Mr Honohan said that the real economy, the level of prices and interest rates on Government borrowing, and the cost of servicing the debts associated with bank restructuring would all have negative impacts on the economy.
Commenting on the recent increases in the cost of borrowing, he said that unless international lenders were convinced that the long-term plan for the budget was going to be adhered to, these costs would continue to go up.
Patrick Honohan said that 'some explicit re-programming' of the budgetary profile for the coming years was 'clearly necessary soon'.
In his address, Mr Honohan also said that the Central Bank had carried out its own stress tests on Bank of Ireland and AIB and had determined new capital requirements for both.
He said that Bank of Ireland has already met these and AIB will do so by the end of the year. This prompted Mr Honohan to describe both banks as 'sorted'.
EU official 'surprised' by Honohan comments
A well-placed EU official has told RTÉ that, given what he described as a 'very, very challenging situation' in Ireland, political stability was important.
Without making any explicit reference to the controversy surrounding Taoiseach Brian Cowen's Morning Ireland interview last week, the official said: 'Political stability is important when you have to pass budgets, when you require sacrifices from the public,' he said.
He drew a comparison with Spain where the socialist government is passing unpopular reforms to lower its budget deficit. 'The government there has a comfortable majority, it can pass laws,' he said.
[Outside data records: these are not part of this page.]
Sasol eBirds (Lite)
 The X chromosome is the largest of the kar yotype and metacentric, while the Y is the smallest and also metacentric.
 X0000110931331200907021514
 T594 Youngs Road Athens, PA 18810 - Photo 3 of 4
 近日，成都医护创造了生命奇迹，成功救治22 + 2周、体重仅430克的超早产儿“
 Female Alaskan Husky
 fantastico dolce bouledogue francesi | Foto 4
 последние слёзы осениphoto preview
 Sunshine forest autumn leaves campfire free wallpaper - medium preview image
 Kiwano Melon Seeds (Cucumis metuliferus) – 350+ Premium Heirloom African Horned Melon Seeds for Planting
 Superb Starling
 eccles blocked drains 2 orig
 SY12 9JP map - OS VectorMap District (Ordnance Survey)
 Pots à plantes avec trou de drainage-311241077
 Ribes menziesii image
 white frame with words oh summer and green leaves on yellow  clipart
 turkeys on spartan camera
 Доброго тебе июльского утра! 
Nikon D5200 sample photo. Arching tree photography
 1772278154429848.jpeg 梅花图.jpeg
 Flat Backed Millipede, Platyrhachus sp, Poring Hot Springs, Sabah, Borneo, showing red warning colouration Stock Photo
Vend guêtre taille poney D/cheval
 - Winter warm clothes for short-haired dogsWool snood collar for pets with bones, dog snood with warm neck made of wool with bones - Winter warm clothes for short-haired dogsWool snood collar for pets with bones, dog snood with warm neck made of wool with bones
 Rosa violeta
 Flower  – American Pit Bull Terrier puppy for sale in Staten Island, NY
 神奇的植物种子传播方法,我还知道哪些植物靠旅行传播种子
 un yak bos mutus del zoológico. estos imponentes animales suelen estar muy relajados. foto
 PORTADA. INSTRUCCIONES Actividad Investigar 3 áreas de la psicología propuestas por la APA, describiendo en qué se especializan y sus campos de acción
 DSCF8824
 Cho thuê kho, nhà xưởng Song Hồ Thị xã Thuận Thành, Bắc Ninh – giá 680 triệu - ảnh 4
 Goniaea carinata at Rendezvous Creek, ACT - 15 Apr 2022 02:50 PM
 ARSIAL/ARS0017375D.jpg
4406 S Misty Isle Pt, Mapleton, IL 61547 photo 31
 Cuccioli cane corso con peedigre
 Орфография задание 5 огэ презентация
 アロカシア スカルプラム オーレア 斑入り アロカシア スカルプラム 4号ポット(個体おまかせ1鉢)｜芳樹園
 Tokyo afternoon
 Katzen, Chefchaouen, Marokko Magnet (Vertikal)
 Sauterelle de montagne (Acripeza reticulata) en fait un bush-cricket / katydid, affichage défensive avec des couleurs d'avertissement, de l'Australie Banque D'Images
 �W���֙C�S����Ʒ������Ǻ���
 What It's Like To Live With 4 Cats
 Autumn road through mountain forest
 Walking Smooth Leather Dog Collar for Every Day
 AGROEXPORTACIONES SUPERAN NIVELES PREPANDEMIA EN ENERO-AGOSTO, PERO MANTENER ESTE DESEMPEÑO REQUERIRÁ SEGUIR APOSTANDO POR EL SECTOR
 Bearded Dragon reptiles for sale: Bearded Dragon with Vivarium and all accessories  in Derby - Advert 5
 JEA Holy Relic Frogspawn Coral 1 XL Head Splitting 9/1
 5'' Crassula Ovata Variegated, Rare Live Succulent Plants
The official also expressed surprise at the comments by the Central Bank governor, describing them as 'not the most helpful for Mr Lenihan'.
The comments come during a crucial week for the Government and the Irish economy. As well as the sale of 10-year bonds tomorrow, there is a growing expectation that a European Commission decision on the Government's plans to restructure Anglo Irish Bank will come very shortly.
The official acknowledged that Ireland had already done a lot in cutting public spending. These, he said, were having a social impact. 'The weak point is the banking sector,' he said.
Another key test will come when the Government presents its deficit forecast for 2010. It is expected that, because of the capital injections into Anglo Irish Bank, our deficit will breach the 20% mark.
The presentation could be a matter of weeks away, and it will be up to the European Commission and the euro zone countries to assess where to go next. They will have to look at what budgetary moves the Government would have to make next year to begin bringing the deficit down.
At that point the Government could, theoretically, request an extension to the target of getting the deficit down to 3% of economic output by 2014.
The Department of Finance said Budget plans were in line so far, and that it would give an update on its plans in the second half of October. It said the Government agreed with Professor Honohan that it was important to tackle the public finances.
Banks must have 'social' role - IBF chief
Speaking at the same conference as Professor Honohan, the chief executive of the Irish Banking Federation said that in future, banks must play a strong social, as well as economic, role.
Pat Farrell said the banking sector had lost the trust of the public and had let people down.
He called for a new social contract with the authorities, under which banks would commit to a number of principles, including taking fewer risks, being less focused on property and responding to the needs of the economy and businesses.
Mr Farrell said the IBF had been working with Enterprise Ireland to develop expertise in fast-growing sectors of the economy. He said banks were also working with struggling homeowners and small businesses.